New Fed steps to ease financial crisis

Updated: 2008-03-17 09:10

WASHINGTON -- The Federal Reserve announced a series of new steps Sunday to help provide relief to a spreading credit crisis that threatens to plunge the economy into recession.

The central bank approved a cut to its lending rate to financial institutions to 3.25 percent from 3.50 percent, effective immediately, and created another lending facility for big investment banks to secure short-term loans.

A trader works on the floor of the New York Stock Exchange March 14, 2008. [Agencies]

The steps are "designed to bolster market liquidity and promote orderly market functioning," the Fed said in a statement. "Liquid well-functioning markets are essential for the promotion of economic growth."

The new lending facility will be available to financial institutions on Monday.

It will be in place for at least six months and "may be extended as conditions warrant," the Fed said. The interest rate will be 3.25 percent and a range of collateral will be accepted to back the loans.
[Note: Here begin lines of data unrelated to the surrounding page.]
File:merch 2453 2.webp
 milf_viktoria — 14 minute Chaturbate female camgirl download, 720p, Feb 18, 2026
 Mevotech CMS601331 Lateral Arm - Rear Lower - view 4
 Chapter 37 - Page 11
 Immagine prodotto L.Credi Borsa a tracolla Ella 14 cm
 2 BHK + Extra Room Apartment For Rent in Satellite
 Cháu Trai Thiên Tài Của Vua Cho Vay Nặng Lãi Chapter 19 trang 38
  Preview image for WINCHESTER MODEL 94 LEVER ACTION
The Fed also approved the financing arrangement announced Sunday in which JPMorgan Chase & Co. will acquire rival Bear Stearns Cos. The deal valued at $236.2 million (euro151.79 million), a stunning collapse for one of the world's largest and most venerable investment banks. The Fed will provide special financing to JPMorgan Chase for the deal, JPMorgan Chase said. The central bank has agreed to fund up to $30 billion (euro19.28 billion) of Bear Stearns' less liquid assets.

Treasury Secretary Henry Paulson said he was pleased by Sunday's developments.

"Last Friday, I said that market participants are addressing challenges and I am pleased with recent developments. I appreciate the additional actions taken this evening by the Federal Reserve to enhance the stability, liquidity and orderliness of our markets," he said.

The Fed's actions are the latest in a recent string of unconventional steps to deal with a worsening credit crisis that has unhinged Wall Street. And, the action comes just two days before the central bank's scheduled meeting on Tuesday, where another big cut to a key interest rate that affects millions of people and businesses is expected to be ordered.

The "discount" rate cut announced Sunday covers only short-term loans that financial institutions get directly from the Federal Reserve.

Even with the Fed's aggressive moves, economic and financial conditions keep deteriorating.

The Fed in recent days has taken extraordinary steps to help banks and Wall Street investment firms survive the stresses of the credit crisis. Financial institutions have racked up multibillion-dollar losses when mortgage-backed investments soured with the collapse of the housing market.

The Fed this past week also said it would pour as much as $200 billion (euro128.53 billion) into big Wall Street banks and investment houses and allow them to put up risky home-loan packages as collateral. This maneuver was intended to bring sorely needed relief in the market for mortgage securities. The Fed also has offered as much as $200 billion (euro128.53 billion) in short-term loans to banks and large financial institutions.